Whenever we hear the phrase ‘big data’ we usually have connotations with texts or numbers, yet data in the form of audio or video has never been so widespread. One requirement for real-time communication is to ensure data availability for audio files. Various adaptation models are used to adjust the processing of received audio packets based on the delay conditions within the network. Current models perform delay adaptation by mostly using a buffer to store received packets. Therefore, there is an increasing need for understanding the use of buffer algorithms. Yet, before proceeding with them, let’s have a look at the definition of a buffer.
A buffer is used to compensate for varying network delays and varying playout request. In an ideal setting, a packet always arrives at the time for the corresponding playout event. In a real setting, this is not the case due to varying network delays as seen in Figure 1. A buffer is needed to store a certain amount of incoming packets and delay their playout such that there is always data available for playout. In addition to this, the rate of incoming audio packets and playout events might be slightly different due to clock drift.
A mechanism is needed to adjust the buffer level by generating or removing data. Optimally this algorithm has to keep the amount of data in the buffer as low as possible and to keep the delay as low as possible, but also to minimize the probability of a loss of packets due to late arrival. A buffer level adjustment algorithm is based on the following three components:
1. Inter-Arrival Time Prediction:
The algorithm implements the delay adaptation by estimating a time-dependent histogram of audio packet inter-arrival times over past inter-arrival times, including the current inter-arrival time. An exponentially decaying weighting window is used to lower the influence of further away samples. The inter-arrival times are represented in terms of a number of packet lengths, as an integer:
- An inter-arrival time of 1, therefore, corresponds to the packet’s length up to, but not including, two times the packet’s length.

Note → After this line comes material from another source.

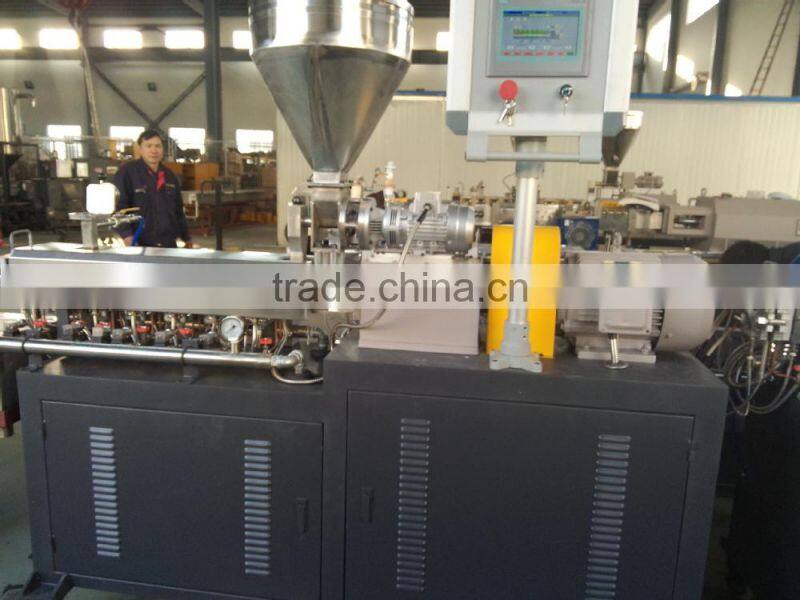 Small Lab Granulating Equipment for sale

- An inter-arrival time of 0 means the packet arrived earlier than expected and an inter-arrival time greater or equal than 2 means the packet arrived at least one packet length later than expected.
2. Target Buffer Level Decision:
Based on the histogram of inter-arrival times, the target buffer level is chosen, such that at least 95% of packets arrive on time. This is done by calculating the accumulative probability of receiving a packet later than a certain inter-arrival time and choosing the target buffer level, such that the probability is at most 5%. Additionally, peak detection is used to account for peaks that occur too infrequent to have an impact on the histogram but occur regularly. If such peaks are detected, a higher buffer level is chosen.
3. Buffer Level Adjustment
The actual buffer level is driven by the received packets and the playout events. A received packet increases the actual buffer level while a playout event decreases the buffer level. To adjust the actual buffer level towards the target buffer level, additional modifications of the buffer level can be done during the playout events. If the buffer level is below the target buffer level, a so-called preemptive expansion is done by expanding the audio in the buffer by at most 100ms per second. If the buffer level is above the target buffer level, acceleration of the audio is applied by shrinking the audio in the buffer by at most 100ms per second.
This is a very basic explanation of the behavior of the buffer level adjustment algorithm. The actual implementation can be more complex given the amount of late-arriving packets and missing packets.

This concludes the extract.